Manchester Unity moves its marketing campaign west

A NEW player with a familiar name has arrived in WA with ambitious plans to capture a share of the lucrative health insurance market.

National group Manchester Unity has embarked on a serious marketing campaign to attract new members.

The name is not entirely new to WA, however its previous incarnation was as a locally managed group.

Since then Manchester Unity NSW has acquired a national licence and is working hard to attract members all over the country.

In WA the target is 5,000 members, or 1 per cent of the market, which is dominated by the two major operators – HBF and Medibank Private.

Manchester Unity national sales and service manager Jason Potter-Rose said the group undertook a feasibility study in late February that revealed some opportunities in the WA market.

It’s a competitive market, with HBF and Medibank Private accounting for more than 90 per cent of the market, he said.

The opportunities in the market, according to Manchester Unity, lie with the technology the group is offering members.

“It’s a hard market. The market is really people who have got health insurance with other providers,” Mr Potter-Rose said.

“There is a small market for (new members) who are coming up to 30.

“But you’ve got to get the mix right.

The other big advantage of Manchester Unity is its Hicaps card, which authorises bill payment by Manchester Unity on the spot leaving the member to just pay the gap, he said.

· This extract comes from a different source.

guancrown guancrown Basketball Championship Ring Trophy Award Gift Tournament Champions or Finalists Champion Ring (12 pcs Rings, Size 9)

“Members don’t have to go to the provider to be reimbursed,” Mr Potter-Rose said.

This technology has allowed Manchester Unity to operate without any customer service outlets or shopfronts.

Manchester Unity claims its national hospital contracts mean members don’t have to meet co-payments to cover hospital accommodation.

“Other groups have agreements with the hospitals where the patient pays a proportion and the fee and the health insurance company covers the rest,” Mr Potter-Rose said.

Manchester Unity covers 100 per cent of the accommodation and theatre fees.”

HBF general manager, member value, Ricki Smith, said HBF found its members would prefer co-payment when they go into hospital, rather than pay higher premiums.

“With Hicaps we don’t believe it provides the level of security that we require,” she said.

Manchester Unity currently has 60,000 members Australia wide, with the bulk of those in NSW.

In WA, a marketing campaign including radio and press advertising will precede a direct marketing push focused on member associations and unions.